--- Input data ---

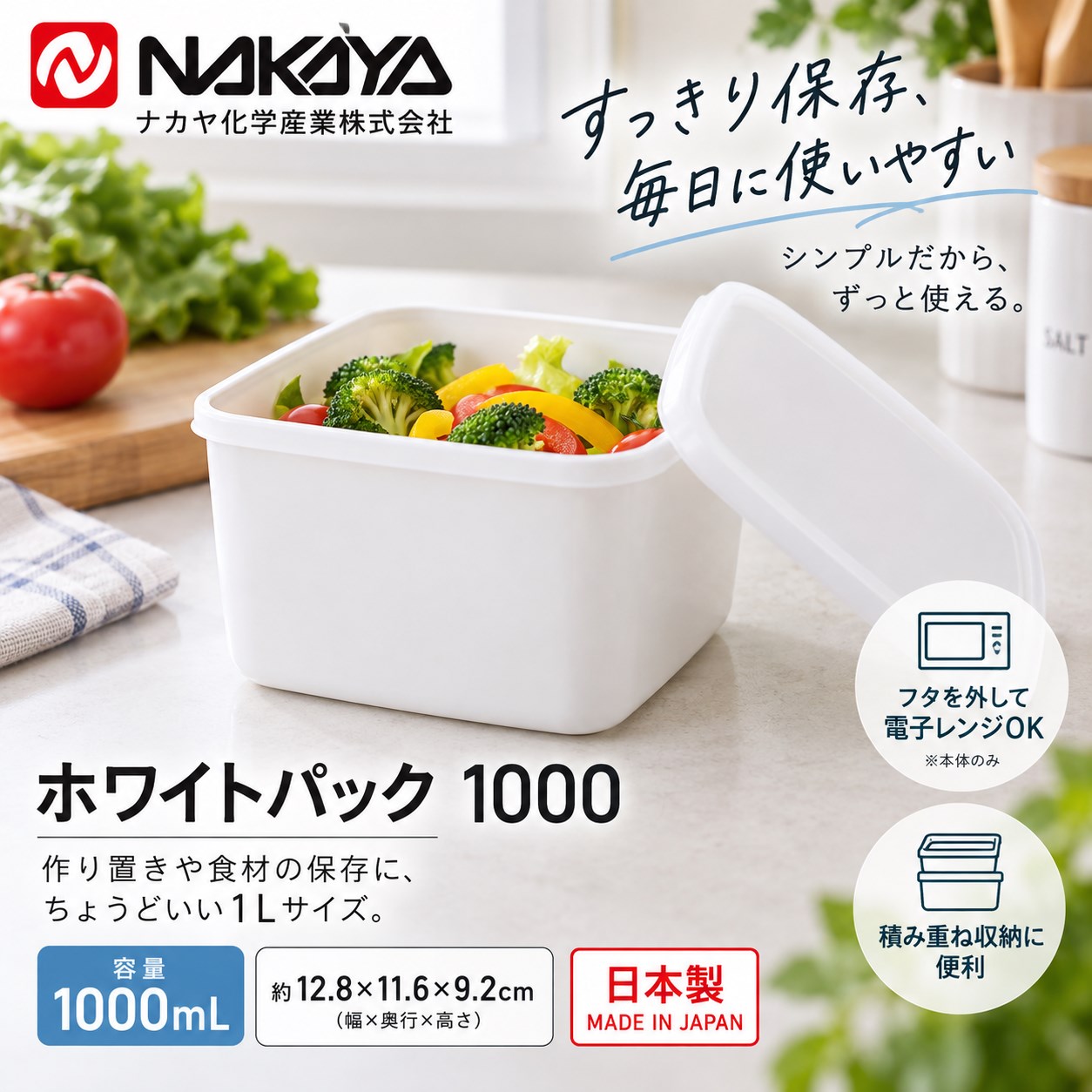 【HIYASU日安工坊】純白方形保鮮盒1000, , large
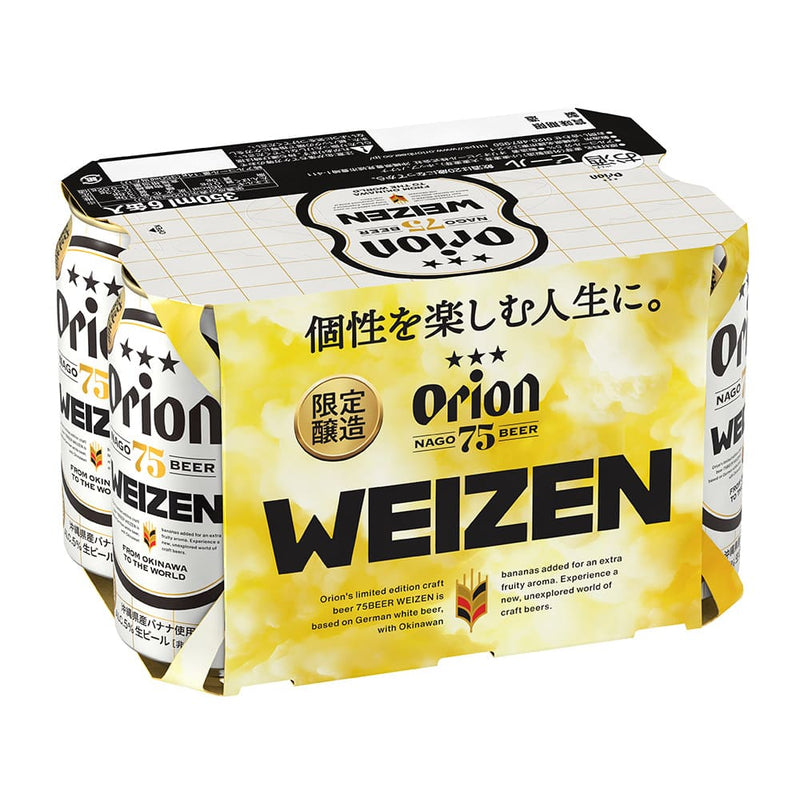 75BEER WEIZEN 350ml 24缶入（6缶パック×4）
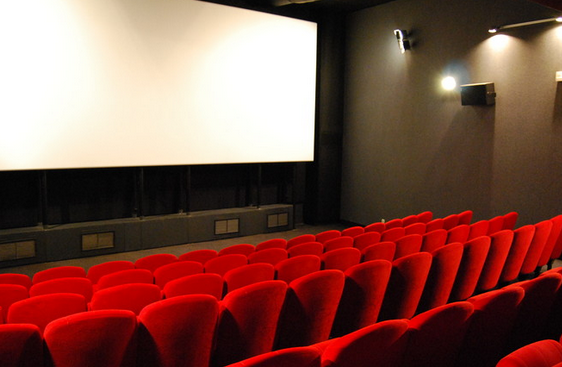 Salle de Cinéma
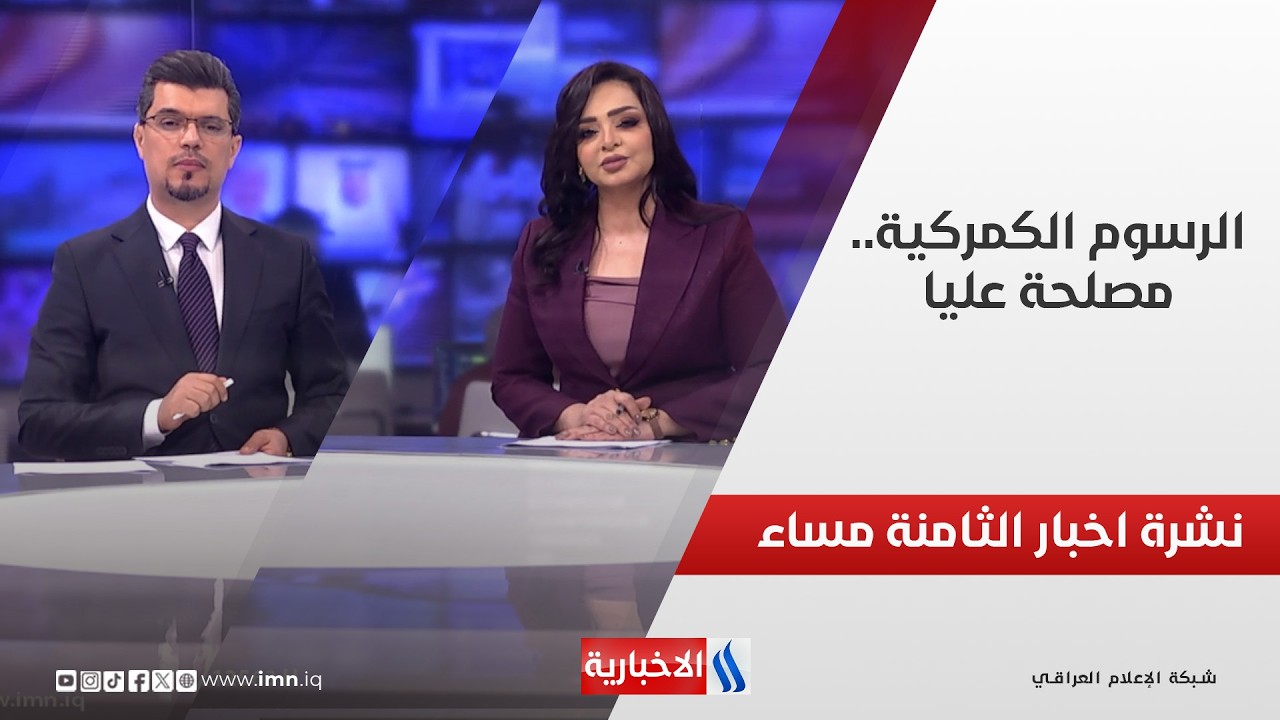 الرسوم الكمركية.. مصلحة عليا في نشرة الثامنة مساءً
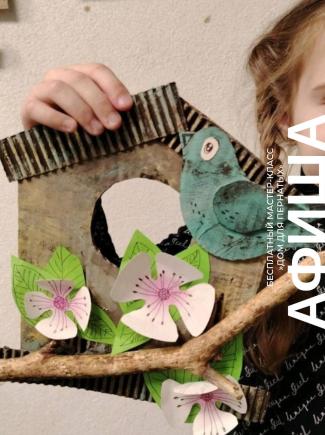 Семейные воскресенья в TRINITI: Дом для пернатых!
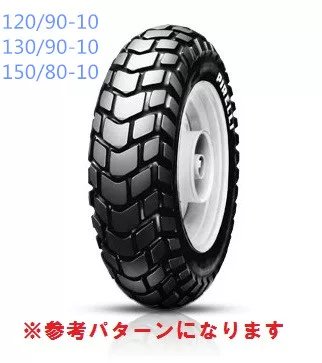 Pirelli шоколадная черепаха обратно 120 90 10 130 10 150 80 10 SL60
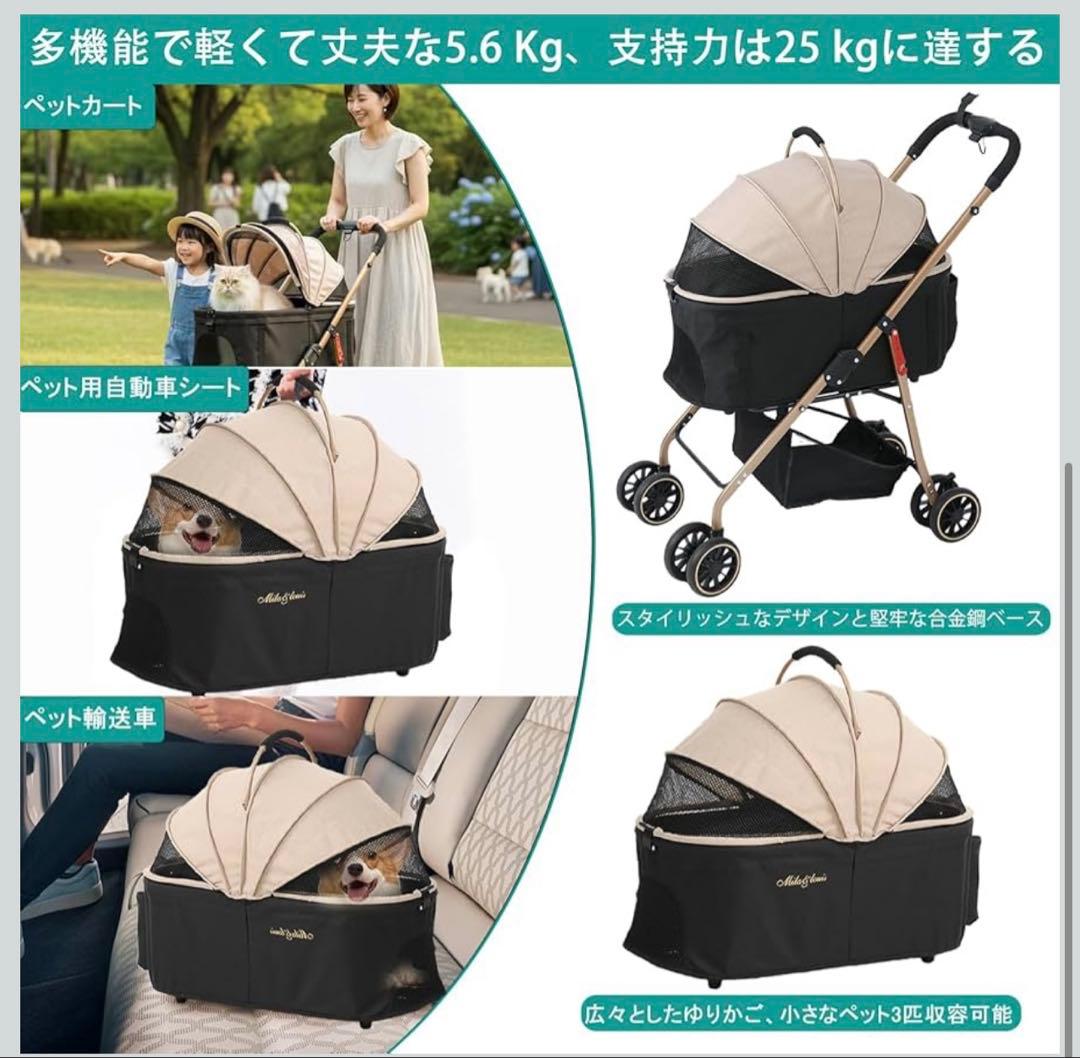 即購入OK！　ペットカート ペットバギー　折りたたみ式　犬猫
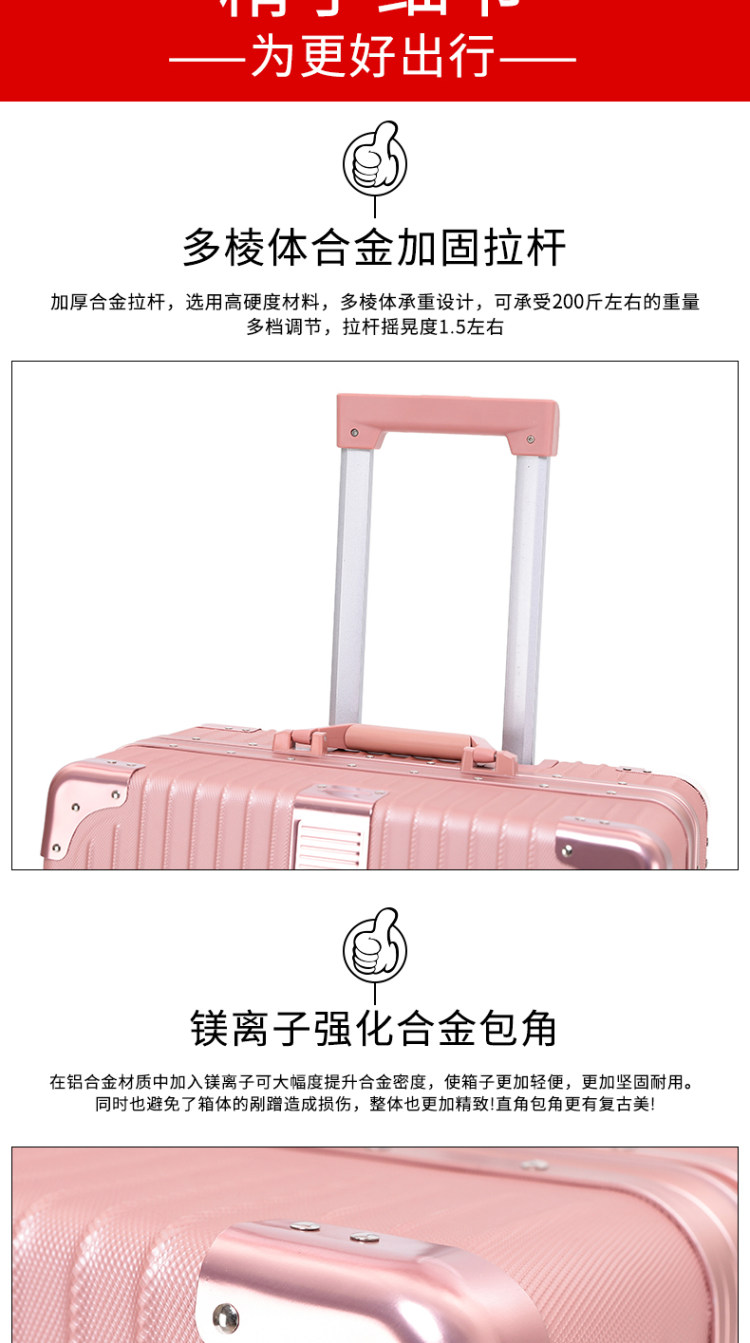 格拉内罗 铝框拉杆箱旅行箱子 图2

---

**Work to be completed:**
What is needed is a word-for-word restatement of the lines from the one holding "الرسوم الكمركية.. مصلحة" to the final line of the data above, inclusive, without any pictures.

**Your solution:**
 الرسوم الكمركية.. مصلحة عليا في نشرة الثامنة مساءً
 Семейные воскресенья в TRINITI: Дом для пернатых!
 Pirelli шоколадная черепаха обратно 120 90 10 130 10 150 80 10 SL60
 即購入OK！　ペットカート ペットバギー　折りたたみ式　犬猫
 格拉内罗 铝框拉杆箱旅行箱子 图2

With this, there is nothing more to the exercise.